Ball suggests that the procedure outlined in the Standing Order and followed by the Trustee is inconsistent with. Bankruptcy Local Rule 1017, which provides: “The Court will enter an order dismissing a case voluntarily filed by an individual debtor under Chapter 7 or 13 under § 521(i)(l) only upon motion of a creditor or party in interest. If no motion is filed, the case will be deemed not to have been dismissed.” L. Rule 1017(d) (emphasis added).
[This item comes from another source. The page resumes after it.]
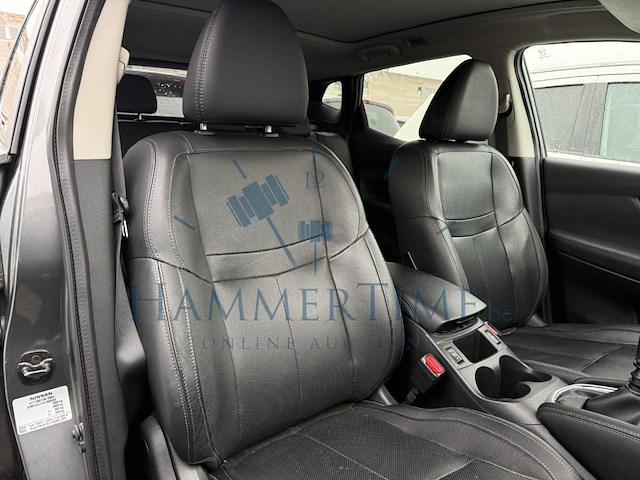 Nissan qashqai 1.2 dig-t 2wd tekna, 2015 - afbeelding 19 van  38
This argument does not avail Ball. Although the Trustee did not file a motion, she did make a “request,” as specifically authorized by § 521 (i)(2) as well as by the Standing Order. There is no dispute that the payment advices were not submitted timely. In light of that reality, once a "request” for dismissal was made, the result under § 521(i) was certain' — regardless of the exact procedure by which it was brought to pass. The Court lacks the authority to change that result.

More generally, as a court in this district has suggested, the purpose of this local rule is to alleviate the uncertainty created by the concept of an "automatic” dismissal. In re Lopez, No. 09-31511-C, 2009 WL 3046716, at *2, 2009 Bankr.LEXIS 3029, at *7-8 (Bankr. W.D.Tex. Sept. 17, 2009). As the Trustee noted in her argument, having an order on the docket facilitates her ability to get a release from her bond and gives her a filing in the case to rely on, in disbursing funds and discharging her duties. The Court declines to read the local rule instead as providing an extra-statutory, after the fact, and purely technical "out” for a dilatory debtor.

. There is some ambiguity' — and disagreement within this district — concerning whether dis*34missal under § 52l(i) is "automation” in the sense that it occurs without any action being necessary on the part of the court, or merely in the sense that it is mandatory and without any room for discretion. In other words, is an order required to effectuate the "automatic” dismissal? Courts appear divided on this question. See In re Spencer, 388 B.R. 418, 420-33 (Bankr.D.D.C.2008) (providing extensive discussion of textual and policy reasons that dismissal should be considered effective as of the date of the order of dismissal, and not as of the 46th day in the absence of an order); In re Lopez, 2009 WL 3046716, at *1-2, 2009 Bankr.LEXIS 3029, at *2-8 (noting that both readings are sustainable on the plain text of the Code but choosing to follow the Spencer court's interpretation); In re Hall, 368 B.R. at 598-600 (suggesting dismissal occurs on 46th day with or without a court order).

As this issue is not before the Court today, the Court expresses no opinion on precisely when the dismissal was effective — merely that it is effective, and that this Court lacks the power to change that.

. In fact, the dismissal was not "with prejudice,” so Ball can file another case. 11 U.S.C. § 349(a). If she does, the only real penalties are the heightened restrictions on the automatic stay. See 11 U.S.C. § 362(c)(3); Richardson, 2008 WL 270263, at *2.